Notwithstanding the foregoing, there is broader spectrum of issues which must be considered especially in the planning, structure and preparation of the documentations to the joint venture.

Joint Venture Company:

As stated earlier, the limited liability company is by far the most popular joint venture vehicle in Nigeria and all over the world and as such this is the only legal structure that will be discussed in details here. The corporate structure of a limited liability company has been tried and tested all over the world and in Nigeria we have a detailed body of law and practice governing private limited liability companies. Added to this fact is that corporate participants will usually prefer to be shareholders in a company, because this is a form of business organization with which they are familiar and therefore understand.
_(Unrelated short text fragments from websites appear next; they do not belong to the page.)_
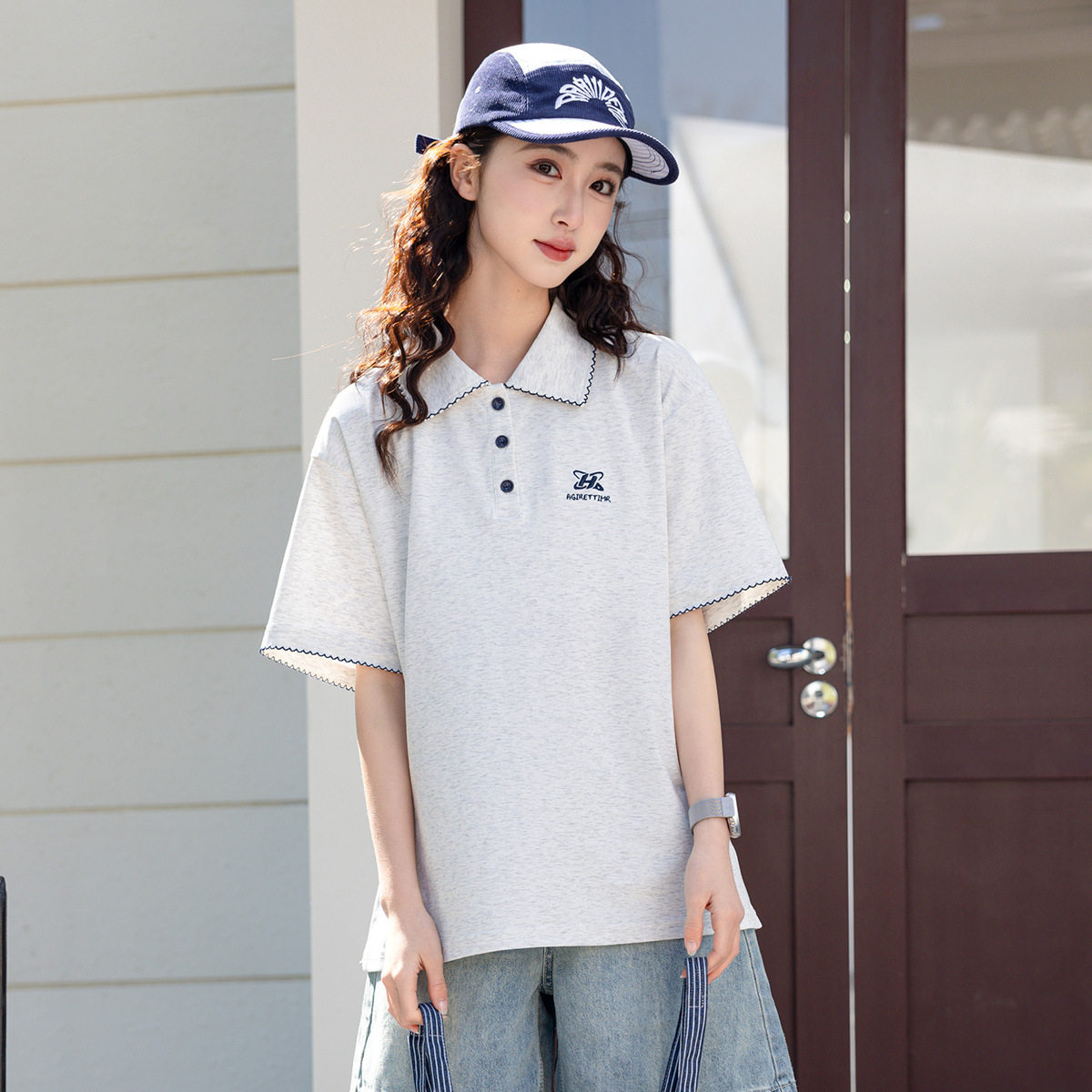 儿童短袖T恤女童POLO衫中大童夏季学院风初中生夏装宽松透气童装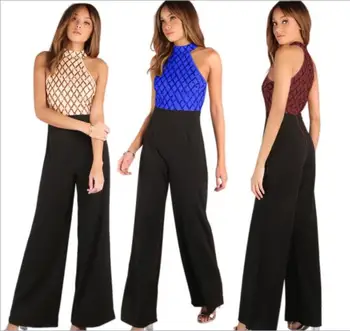 Vadim Bodysuit Women Catsuit Free Shipping 2020 Temperament Summer Hanging Neck Sleeveless Sequins Stitching Jumpsuits
Vadim Bodysuit Women Catsuit Free Shipping 2020 Temperament Summer Hanging Neck Sleeveless Sequins Stitching Jumpsuits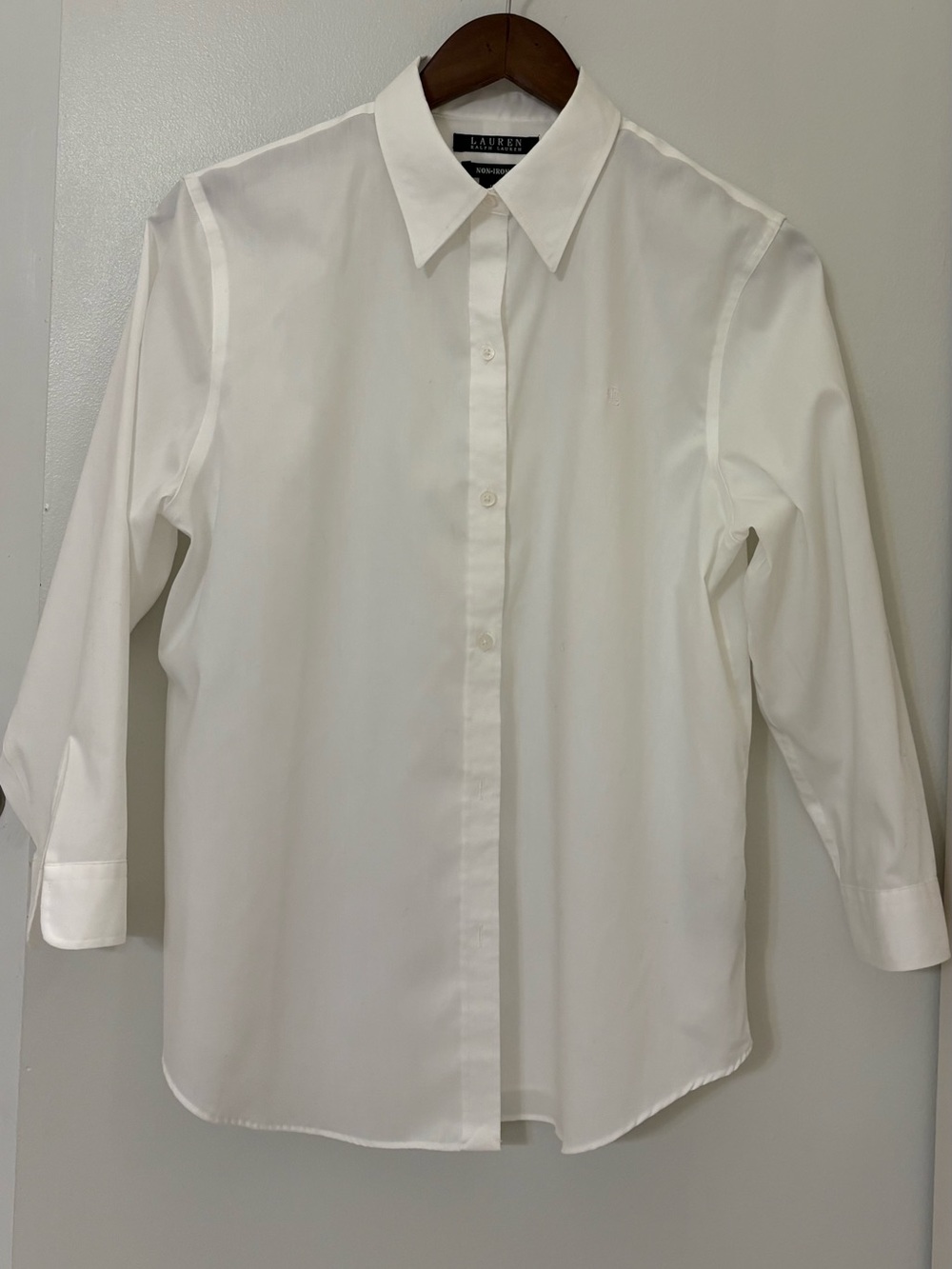 Lauren Ralph Lauren White Women's Button-Down Shirt Size: L Non-Iron 100% Cotton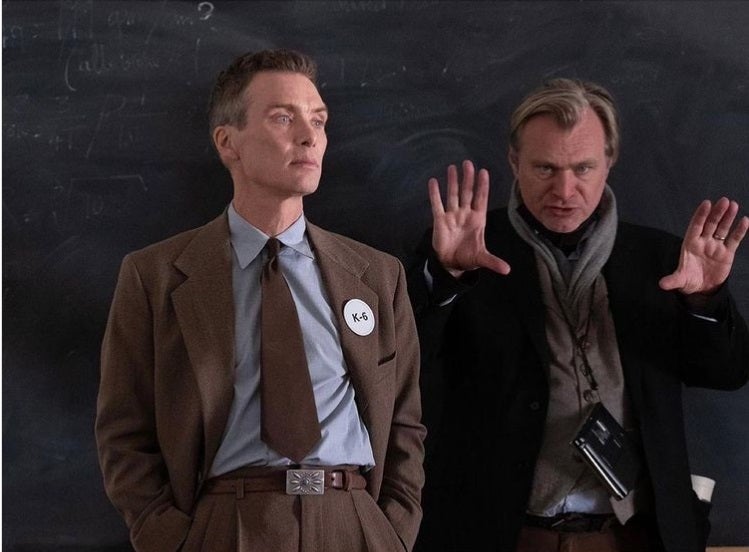 Christopher Nolan (right) and actor Cillian Murphy on the set of Oppenheimer (Image Credit&amp;ndash;Cristopher Nolan/Instagram) - 5 celebrities who don&#039;t use an iPhone and the surprising reasons why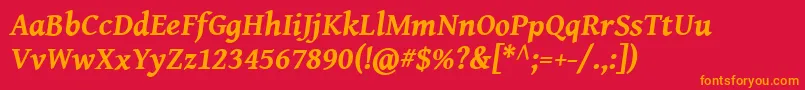 GentiumBookBasicBoldItalic Font – Orange Fonts on Red Background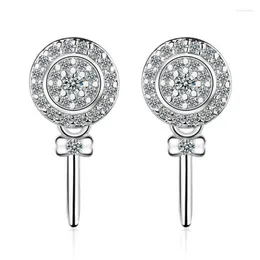 Stud Najnowsze 925 Srebrne kolczyki dla kobiet biżuteria romantyczna cyrkon Lollipop Girl Anniversary CophoSoriesstud Kirs22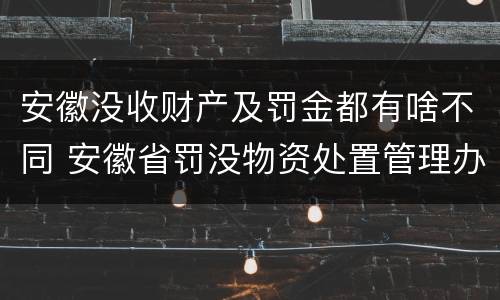 安徽没收财产及罚金都有啥不同 安徽省罚没物资处置管理办法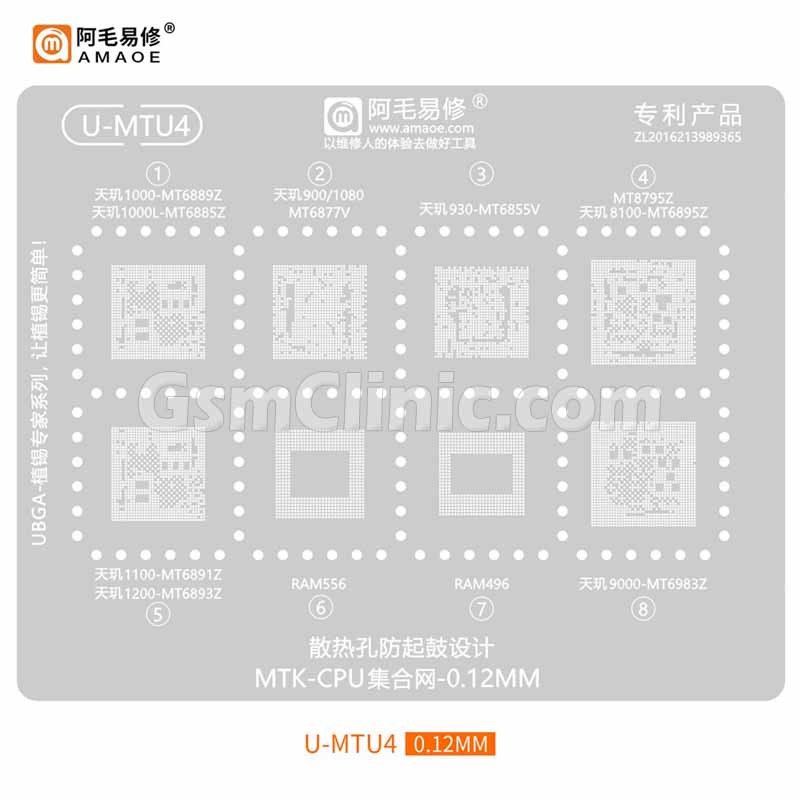 Amaoe U-MTU4 MTK CPU Stencil (0.12MM)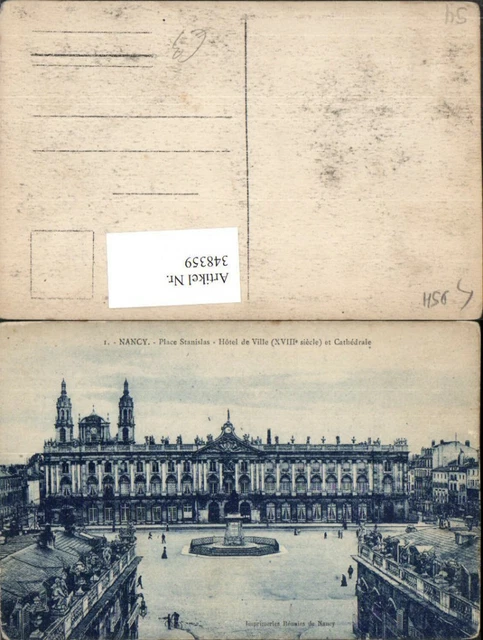 348359,Lothringen Meurthe-et-Moselle Nancy Place Stanislas Hotel de Ville et Cat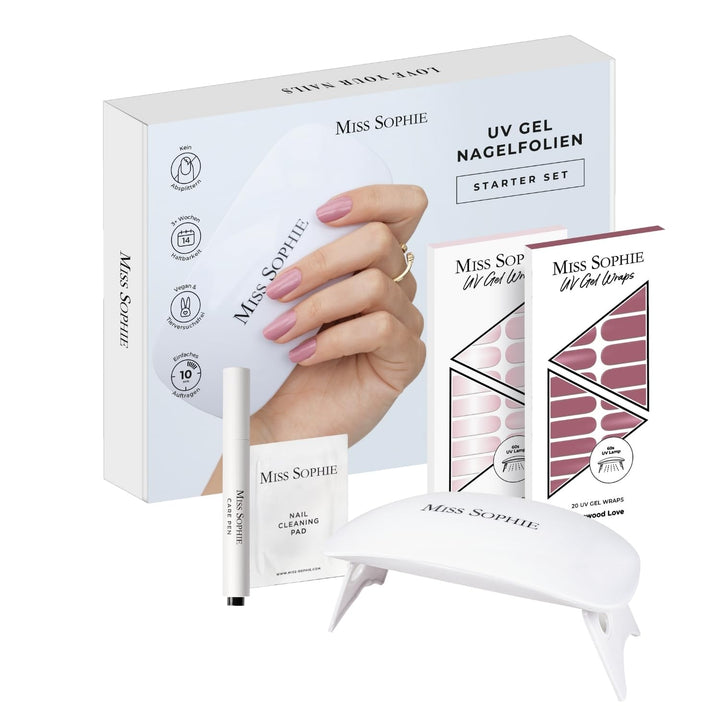 Original Miss Sophie UV Starterset I Selbstklebende UV Nagelfolien I Nagelaufkleber in Rosewood Love
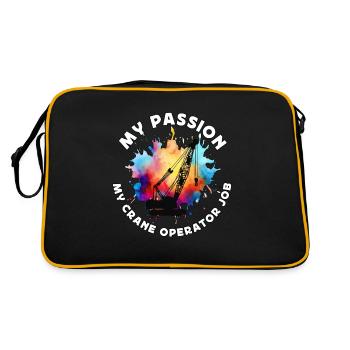 Crane Operator My Passion My Construction Vehicle - Retro Tasche - Schwarz/Gold - Hinten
Some of the basic features of a limited liability company which makes it very attractive as a vehicle for a joint venture are as follows:

(a)  Limited liability:

The most significant advantage of a limited liability company is the ability of the participants to limit their liabilities and losses of the joint venture business. However, the limitation of the liabilities of the participants is not always complete at the early stages of the joint venture business. This is because the participants may need to support the business at its early stage by providing guarantees and assurances to third parties.

(b)  Financial Flexibility:

In terms of general financial and tax planning, the corporate structure presents considerable flexibility through the creation of different types and classes of shares, loan capitals and different types of debentures that makes it easier for the joint venture to raise external finance.

(c)   Relationship between the Participants and Control of the Company:

The relationship between the participants and the control of the joint venture company is usually governed by the Articles of Association and usually a separate Shareholders’ Agreement which they enter into together with other related agreements like Trademark License Agreements etc. Detailed provisions relating to the control of the joint venture and its management   are usually set out in the Shareholders’ Agreement or the Articles of Association. This will cover the obligations of the participants, how the directors are appointed and removed, the powers and duties of the directors etc.

(d)  Realization of the interest of an outgoing Participant:

The goodwill of the joint venture company will belong to the company and each participant’s interest can be realized by transferring its shares which may not affect the business of the joint venture company. In practice however, there are usually restrictions to the transfer of shares and its success largely depends on the cooperation of the other participants.  The outgoing participant will have to follow the procedures stipulated in the Shareholders’ Agreement or Articles of Association in transferring its shares. This may include offering the shares first to the existing shareholders and where the existing shareholders fails or are unable to acquire the shares, the outgoing participant can then offer the shares to outsiders.

 

Importance of adequate Documentation:

Having decided to establish a joint venture company, the participants would be advised to spend quality time, money and effort in ensuring that the joint venture is adequately documented. This is very important to avoid misunderstandings which may ultimately lead to the premature termination of the joint venture.

A non exhaustive list of why adequate documentation should be insisted on is as follows:

(1)  To ensure that each participants obligation to each other and to the joint venture are clear;

(2)  To ensure, as far as possible, that the participants are clear as to their respective aspirations and objectives in relation to the joint venture;

(3)  To provide protection for minorities and to attempt to avoid deadlock;

(4)  To define in what circumstances the venture may be terminated and as far as practicable to provide an exit route for the participants;

(5)  To ensure the chosen structure works; etc

It is advisable to engage the services of a corporate/commercial lawyer for the purposes of drafting the documentations.